* **Dataset content**:
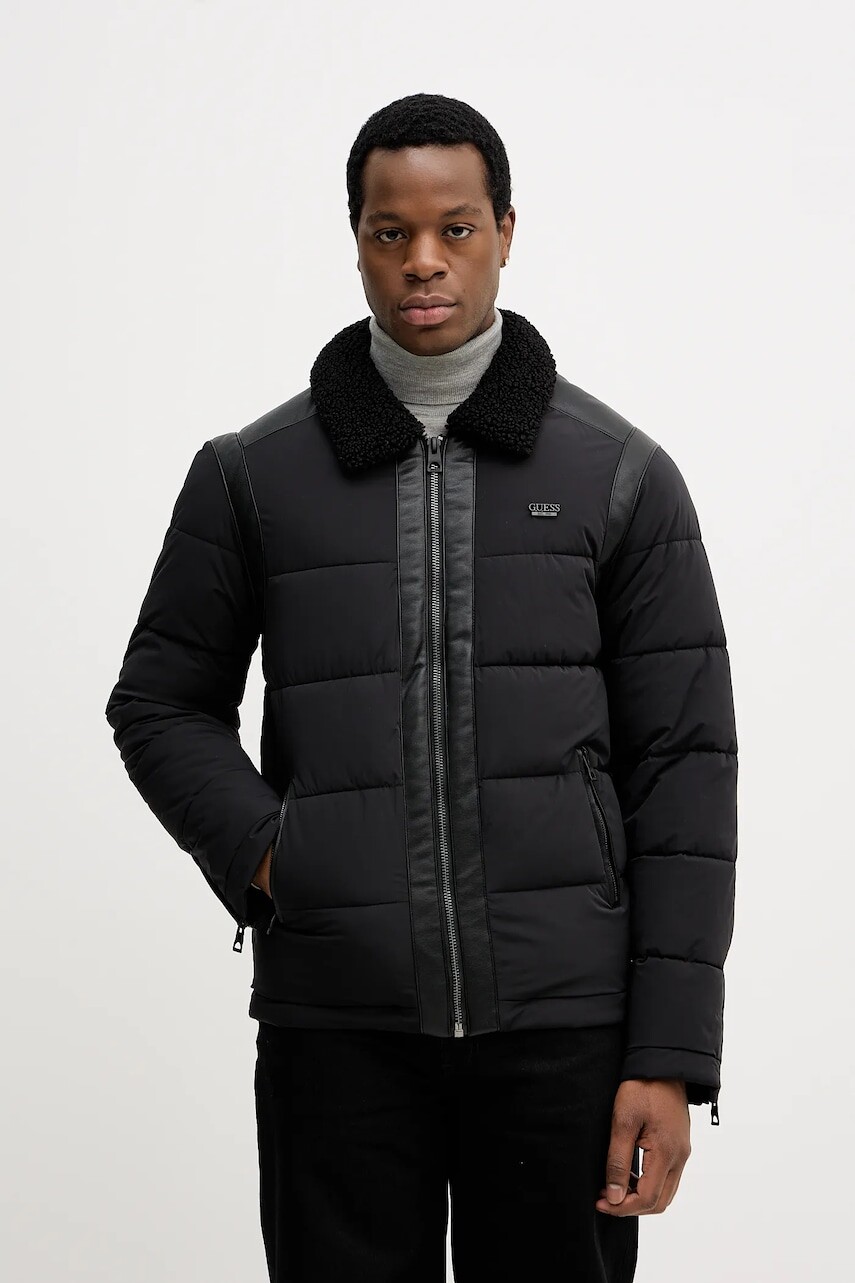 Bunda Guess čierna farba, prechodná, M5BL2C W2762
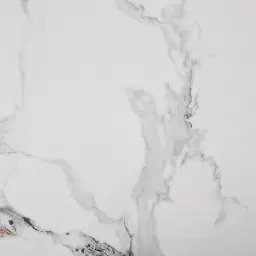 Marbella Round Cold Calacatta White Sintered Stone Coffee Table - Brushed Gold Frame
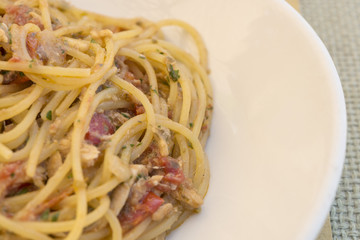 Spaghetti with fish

* **Assigned task**:
Make an exact copy of the whole listing, but don't bring over any pictures.

* **Answer to this exercise**:
 Bunda Guess čierna farba, prechodná, M5BL2C W2762
 Marbella Round Cold Calacatta White Sintered Stone Coffee Table - Brushed Gold Frame
 Spaghetti with fish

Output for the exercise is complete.